Cloud features integrated support for many standard alerting tools, such as PagerDuty, Slack, HipChat, VictorOps – as well as supporting alerts via email or web-hook.
Basics of Alerting in FusionReactor for Docker Swarm
Alerting is one of the primary three tabs within the FusionReactor Cloud portal, with sub-tabs for Alerts, Checks, and Subscriptions.
- Subscriptions are the who and how of Cloud alerts – that is, who should get alerted and how should they receive the alert? Subscriptions also provide control over when – you can limit them to certain days and/or times. To be of any use, a Subscription must be attached to a Check.
- Checks refer to the circumstances necessary to trigger an Alert. Broadly speaking, a Check is tied to either the status of a server or a defined set of data points (Memory Usage, Response Time, etc). Subscriptions are attached to these Checks and triggered when the threshold or status is met. These are the why – as in, why should an Alert be sent.
- Alerts, finally, are the what. Alerts are the consequence of Checks and Subscriptions – when a Check triggers a Subscription, an Alert is sent and logged.
So, taking them one at a time, in a little more depth:
Setting Subscriptions – Alerting in FusionReactor for Docker Swarm
As you’ll see, FusionReactor Cloud offers far more granular control than the on-premise edition – this comes at the cost of significantly more configuration necessary to get it up and running.
In order to set up a Subscription, you’ll first need to enable one of the many available integrations. An integration is a way of contacting someone; options include Slack, PagerDuty, custom webhooks, and more.

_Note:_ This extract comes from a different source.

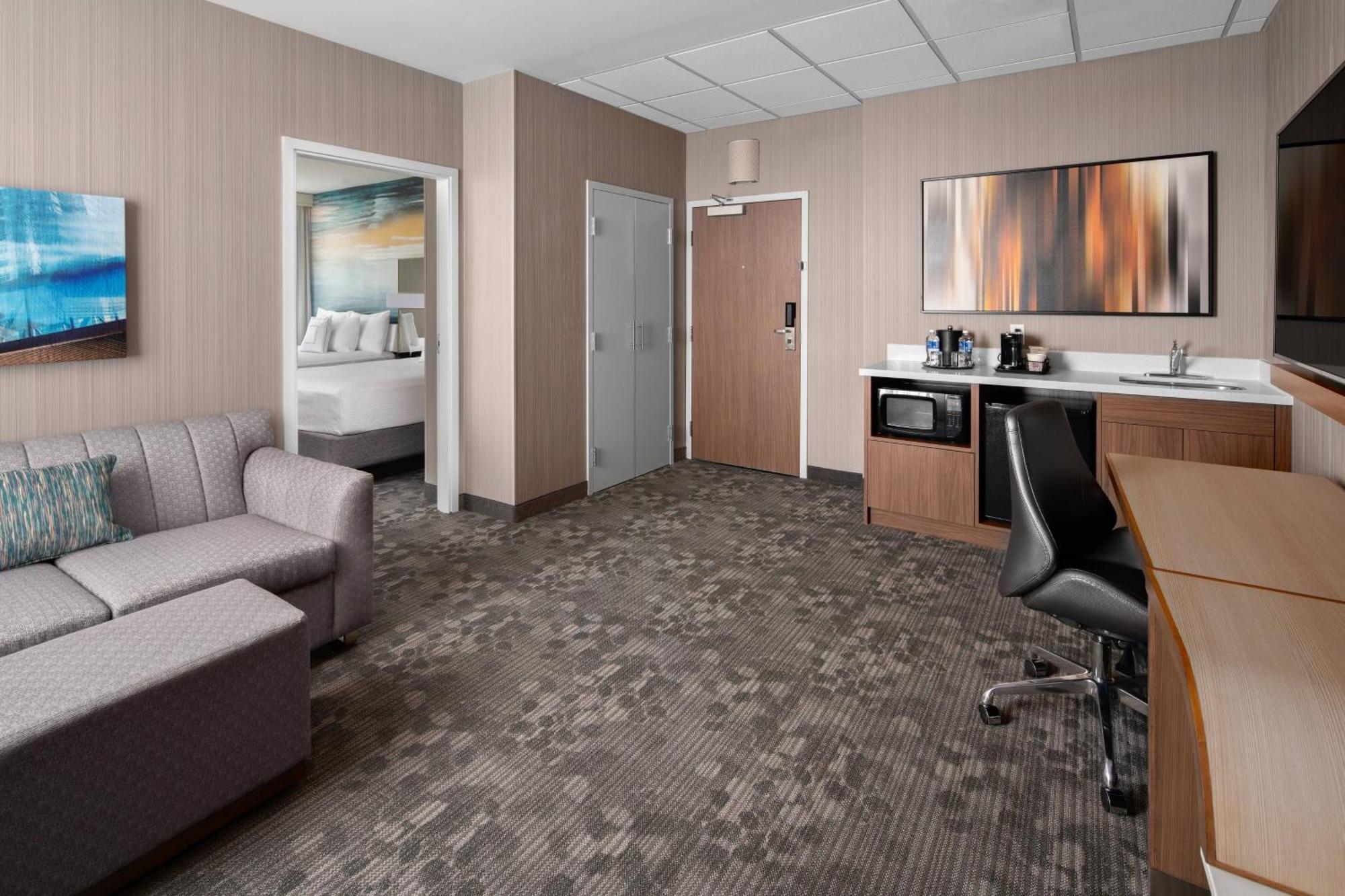 Courtyard By Marriott Downtown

We’ll just stick with Email, as it’s the easiest and most obvious choice.
Now, I’m of the opinion that the Email integration should be enabled by default, but it’s not. So, once you’re logged into your account, click the Account button in the upper right, and select the Configuration option.
Click the Configure button for Email, then all you need to do is choose the Save option… and the Email integration is enabled.

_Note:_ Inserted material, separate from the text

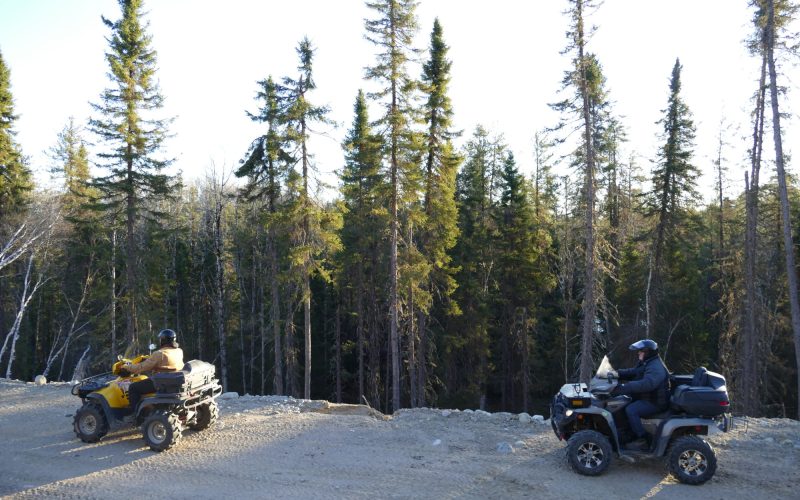 Deux quads sur un sentier de la passerelle du 49e parallele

On to the actual Subscription setup. Proceed to the Alerting tab and the Subscriptions sub-menu. In the upper right, the +Subscription will open a tab for actually setting up who gets alerts (and when it happens).

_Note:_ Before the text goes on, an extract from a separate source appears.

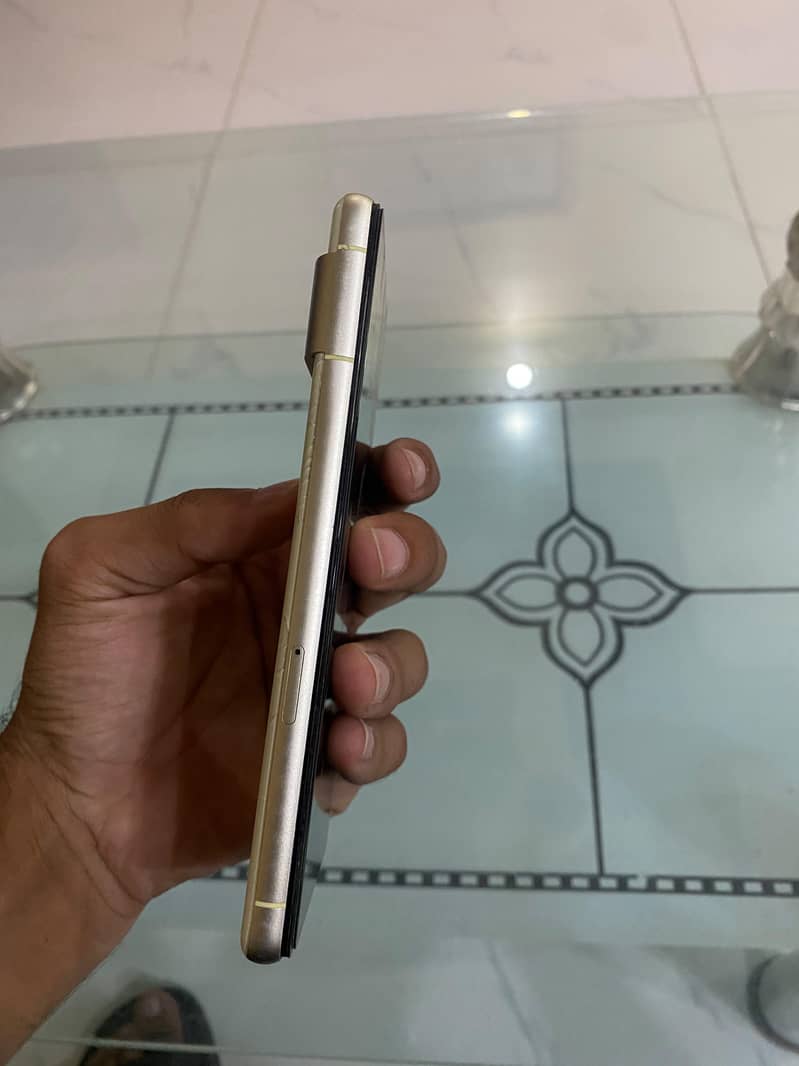 Google Pixel 7 4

Here, you start to see the level of control that Alerting in FusionReactor Cloud provides. You can restrict this Subscription to certain days of the week, or hours of the day. This may be helpful, for example, if you have a separate team for after-hours. Or, you can have separate Subscriptions for Warning vs. Error states – the latter being set to higher priority, or sent via a different integration.
We’re setting up a basic email subscription, so we’ll name it “Web Team Email Alerts”, or something comparable, and choose the Email Service.
The default subject provided, “FusionReactor alert”, is fine; in the actual alert email this will be followed by the name of the Check that was triggered. Finally, we’ll add the email address we want to send the alert to, and click “Save”.
Your Subscription is now saved; you’ll see its details listed in the main Subscriptions panel, with the ability to duplicate/edit/delete, as well as test it. It hasn’t been linked to any Checks yet, so let’s do that next.
How to configure Checks – Alerting in FusionReactor for Docker Swarm
In the Alerting section, within the Checks sub-menu, click +Check in the upper right to open the tab for building out a new Check.
Within this panel there’s a lot going on. I’ll walk through the options one step at time, but we’ll save actually creating a Check for the next blog post.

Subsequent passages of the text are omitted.